Pope Francis delivered his historic speech Thursday to a joint session of Congress, and anyone expecting a fairly liberal bent to the pontiff's message wasn't disappointed. End the death penalty. More openness for immigration. Do something about poverty and homelessness. And, while you're at it, climate change. It was like your typical Attytood blog post, except more eloquent and without the typos. Conservative social causes? He has a few, but then again too few to mention, apparently.
There were a couple of surprises, however. One was Francis' invocation of two fairly radical American Catholic thinkers and doers of the 20th Century, Dorothy Day and Thomas Merton. The other was the pope's harsh and graphic condemnation of the international arms trade:
"Why are deadly weapons being sold to those who plan to inflict untold suffering on individuals and society?" he asked. "Sadly, the answer, as we all know, is simply for money – money that is drenched in blood, often innocent blood. In the face of this shameful and culpable silence, it is our duty to confront the problem and to stop the arms trade."
That's a very good point. In addition to spending much, much more on its own military -- both in raw numbers and on a per capita basis -- than any nation in the world, the United States remains one of the world's leading arms exporters, shipping some $8.2 billion in high-tech lethal weaponry to our cash-paying friends around the globe. Wherever cluster bombs are dropped or tear gas lobbed at pro-democracy protesters in the world, there's an excellent chance that a U.S. company profited on the transaction.

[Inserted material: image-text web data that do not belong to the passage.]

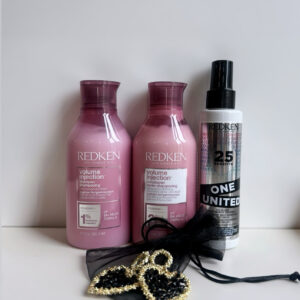 THE PINK VOLUME HOLIDAY SET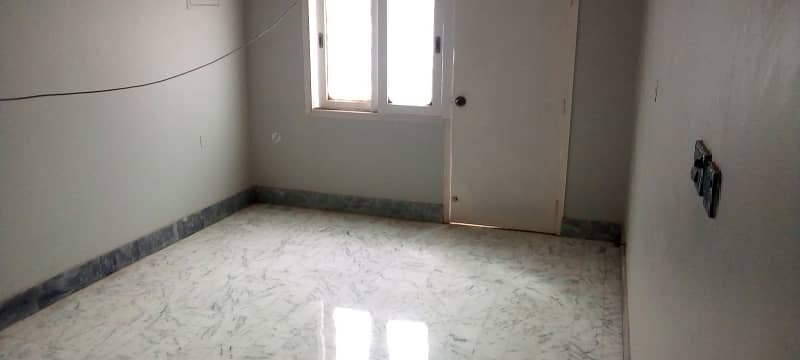 160 SQ Yrd westopen 5 bed fully maintain block 19 Gulshan e Iqbal 5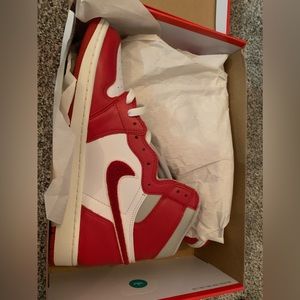 Female, Nike Air Jordan 1, size 12, Red/White, brand new
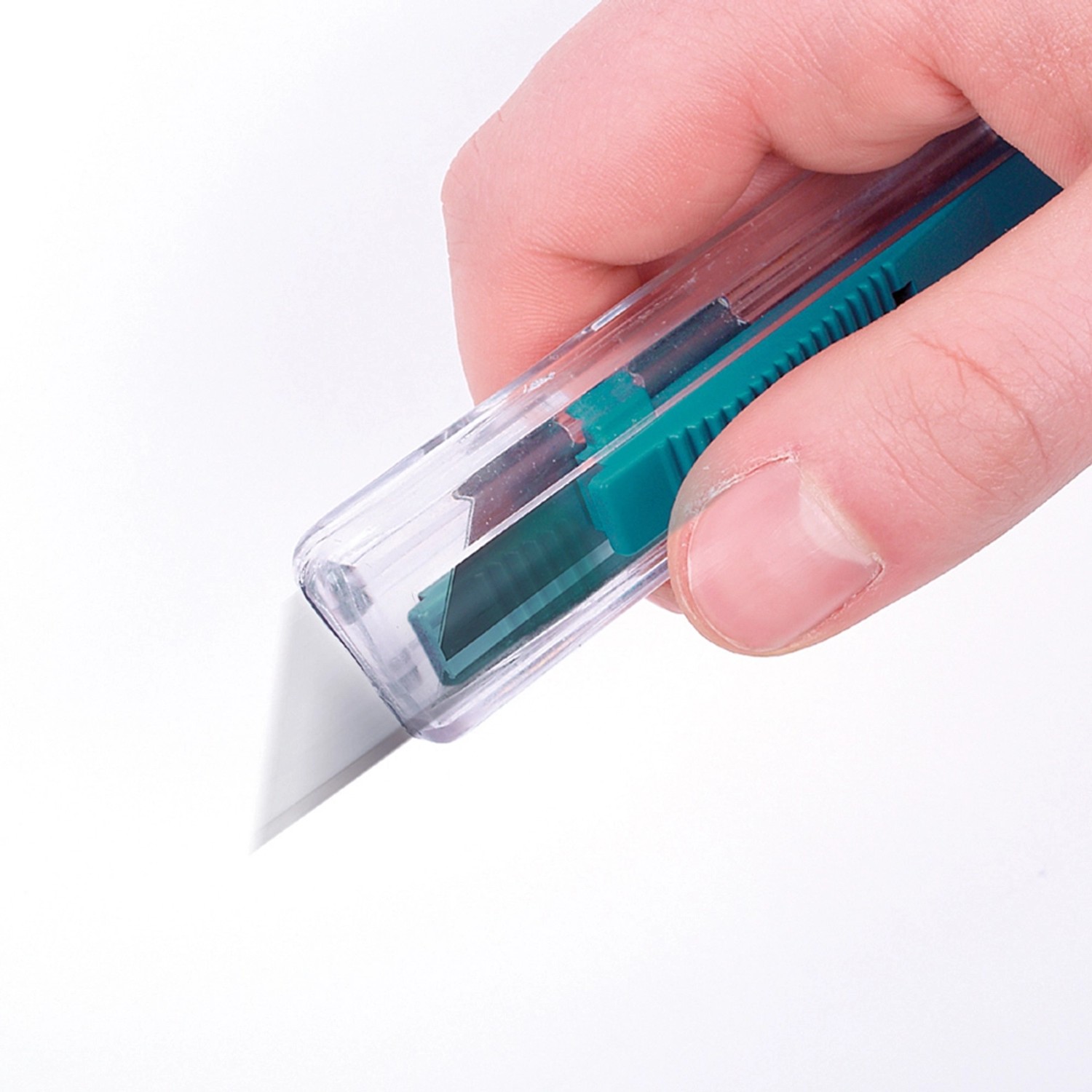 Hand hält wolfcraft Sicherheitsmesser mit Trapezklinge aus Kunststoff.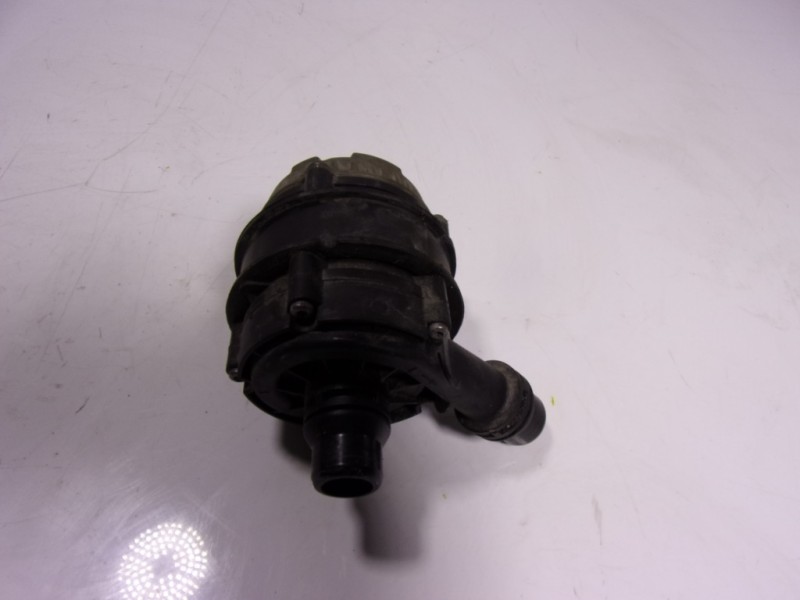Recambio de bomba agua para bmw ix3 referencia OEM IAM 11519889445 0392024164 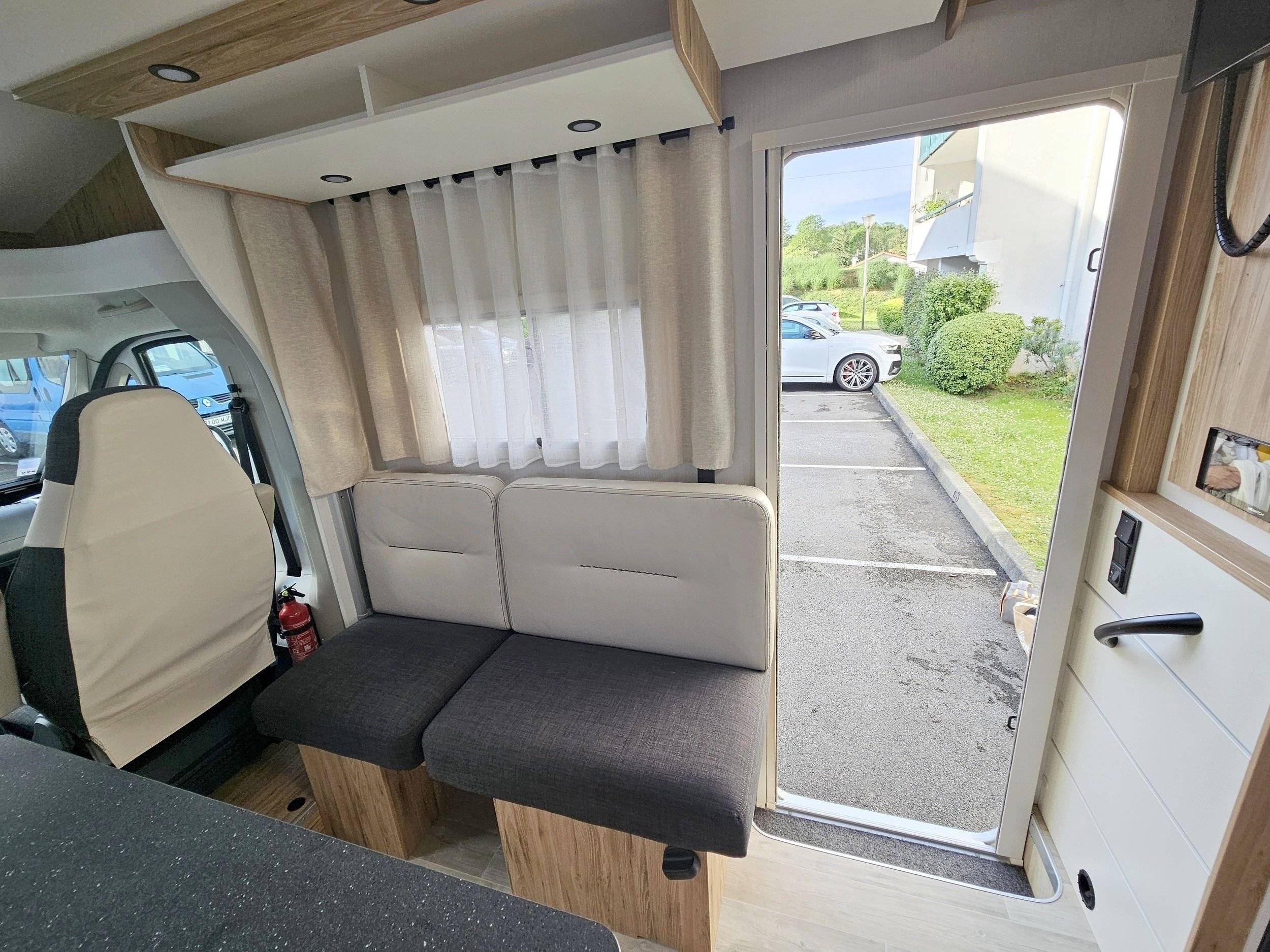 Bavaria BAVARIA T696D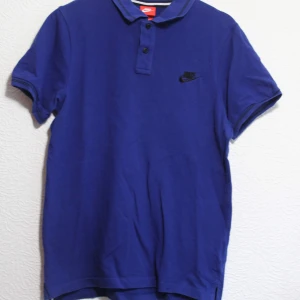 Piké från Nike  - Fin blå pikétröja från Nike. Herr S. Jag på bilden har M och är 167cm. Frakt 44kr 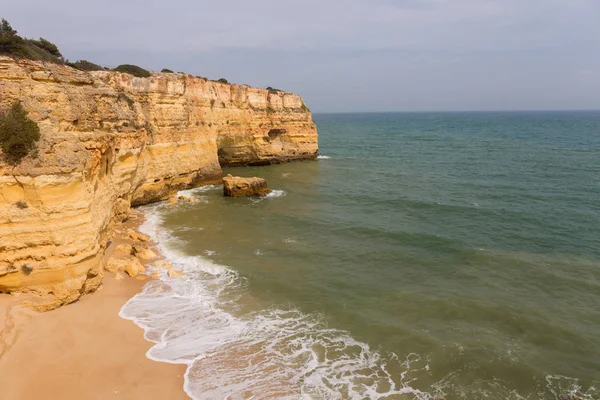 Pláž Praia da Marinha, Marinha v Algarve, Portugalsko — Stock fotografie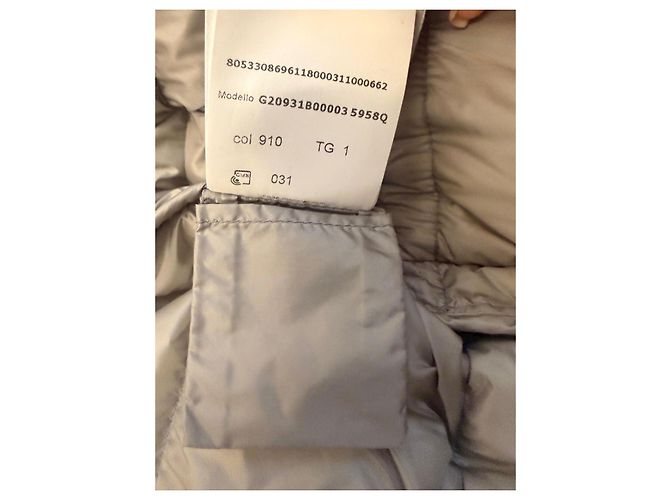 Chaqueta Moncler de Plumas Gris Acolchada - vista 8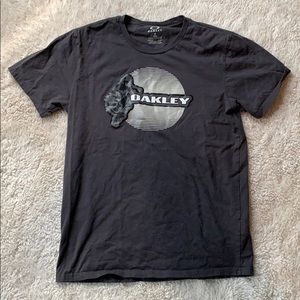 Oakley T-shirt Worn ONCE!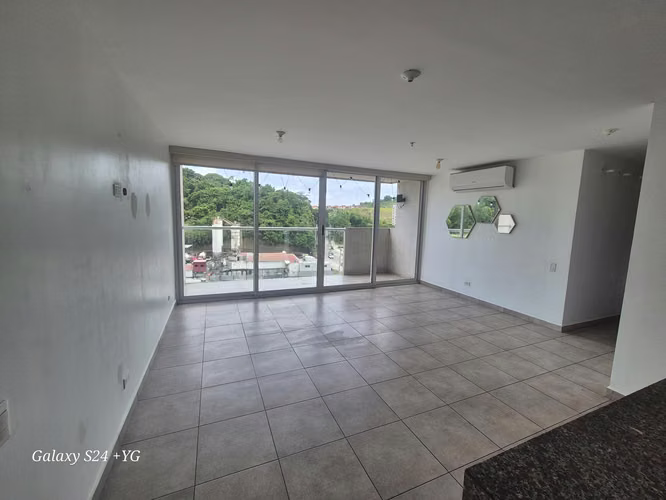 VENTA DE APARTAMENTO EN PH HACIENDA GOLF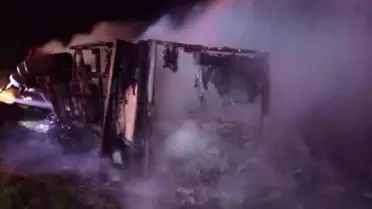 Şırnak'ta Mandalina Yüklü Tır Yangını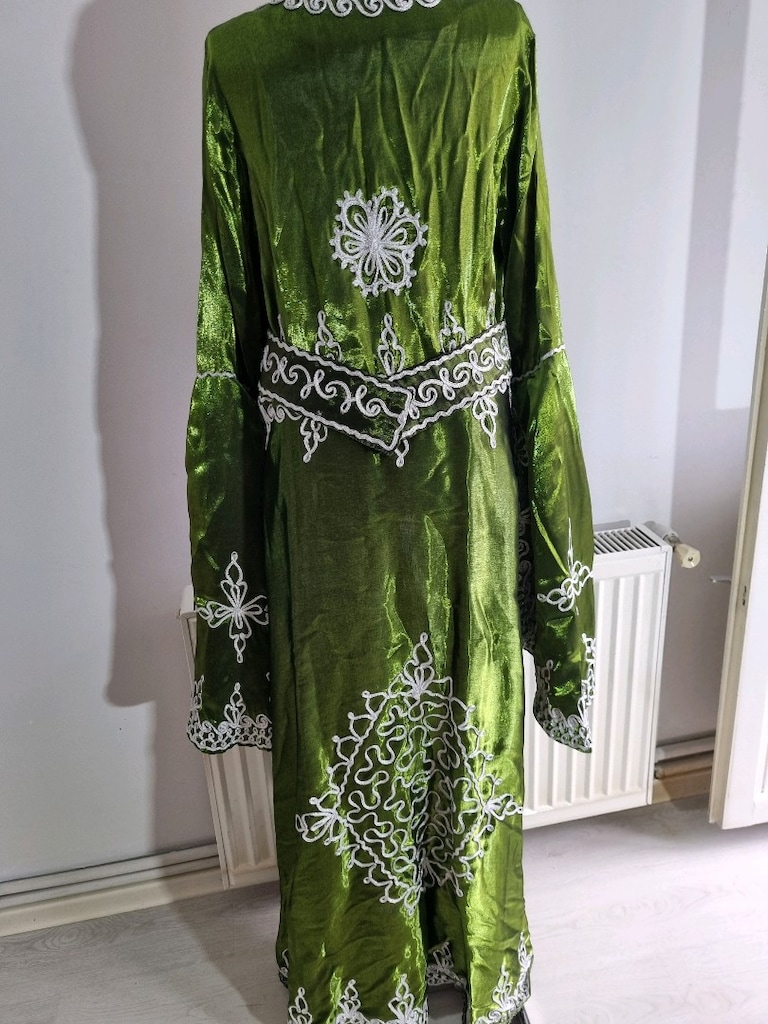 Yeşil İşlemeli Kuşaklı Kaftan - 5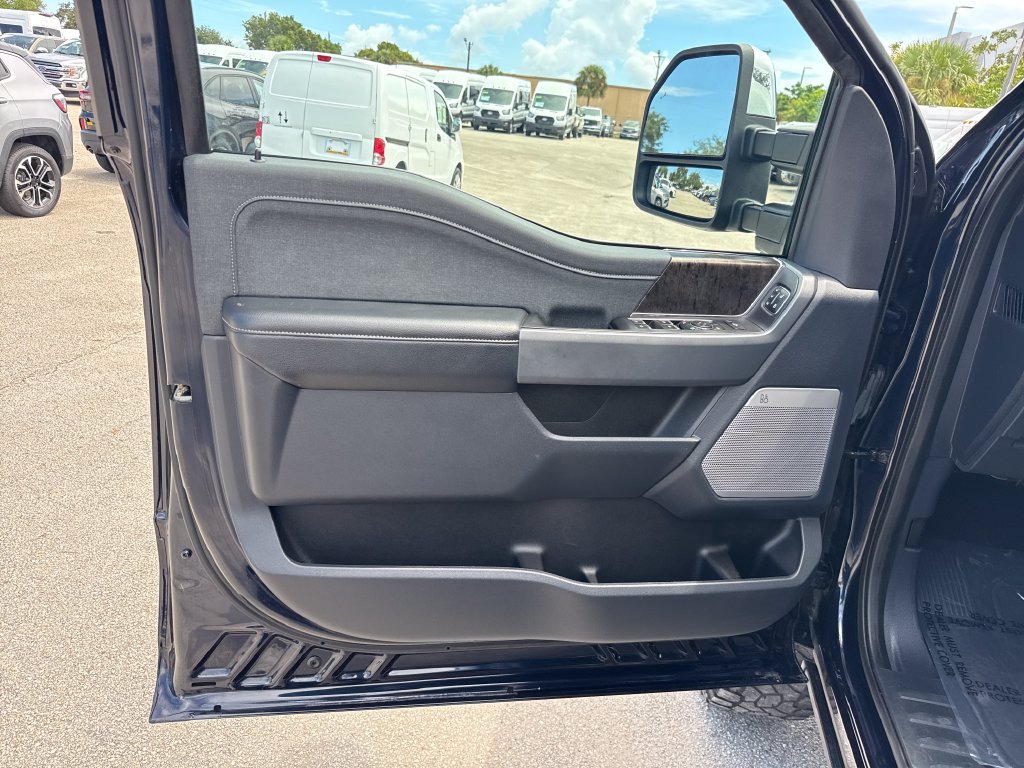 Used 2023 Blue Ford Lariat image 12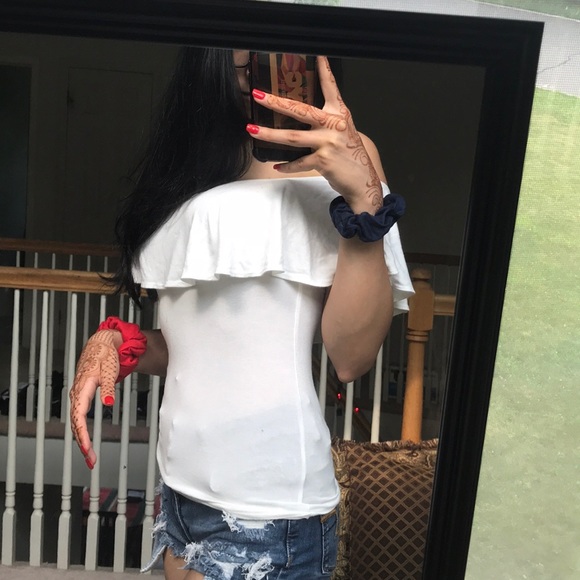 Garage Off the Shoulders Flowy White Shirt - Picture 5 of 8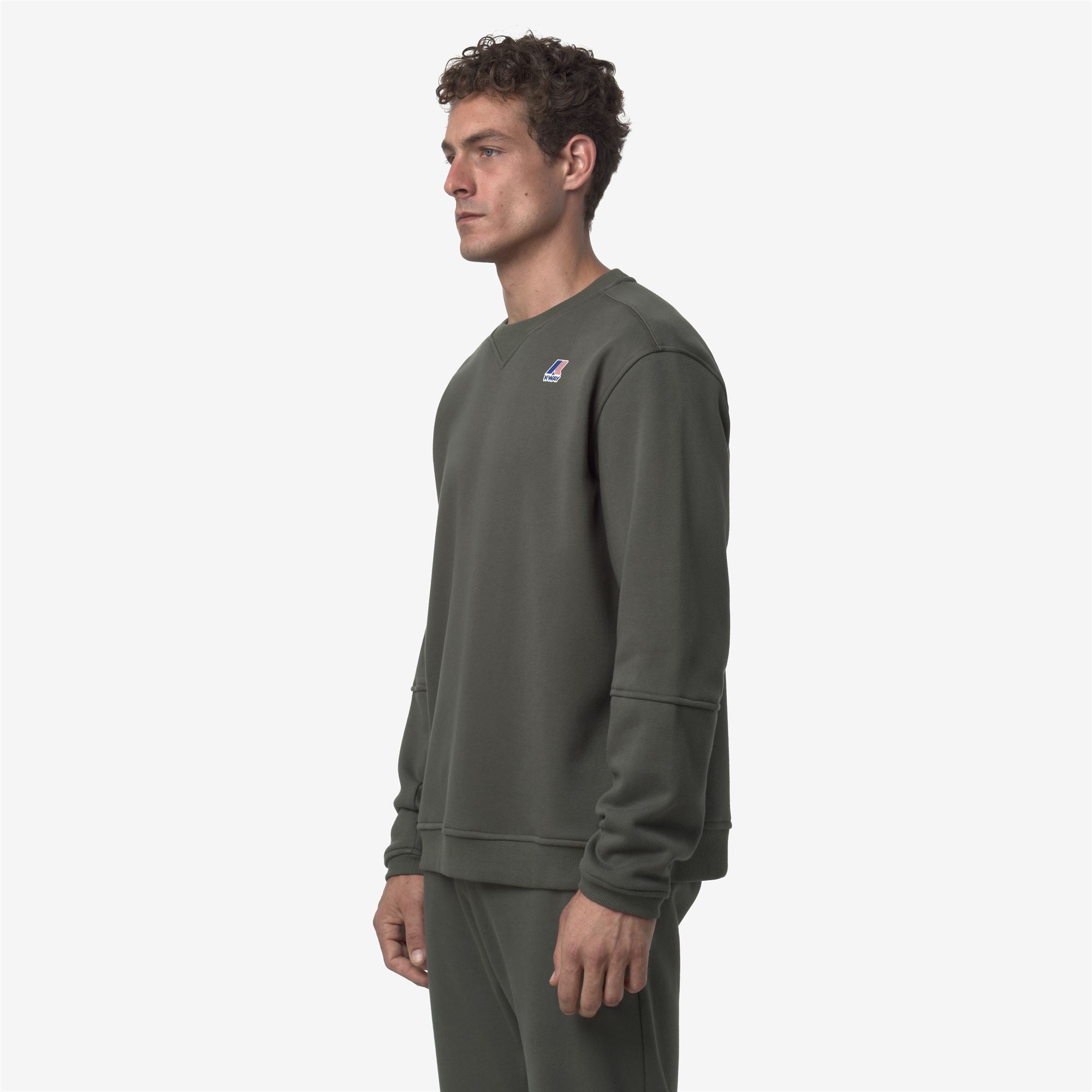 Fleece_UNISEX_NAEL BRUSHED PC_Jumper_GREEN BLACKISH - Commercial 5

This is the kind of thing that used to be an issue. Day, the founder of the Catholic Worker movement, was a staunch pacifist who vehemently opposed the use and spread of nuclear weapons, which inspired the now largely forgotten Catholic peace movement that flourished in the Vietnam War era. By then, that wild-eyed radical -- President Dwight Eisenhower -- had also tried to warn America about the perils of the military-industrial complex. Today, America's runaway military budget and its billion-dollar arms deals rarely raise a peep. Like Michael Corleone said, "Don't ask me about my business, Kay."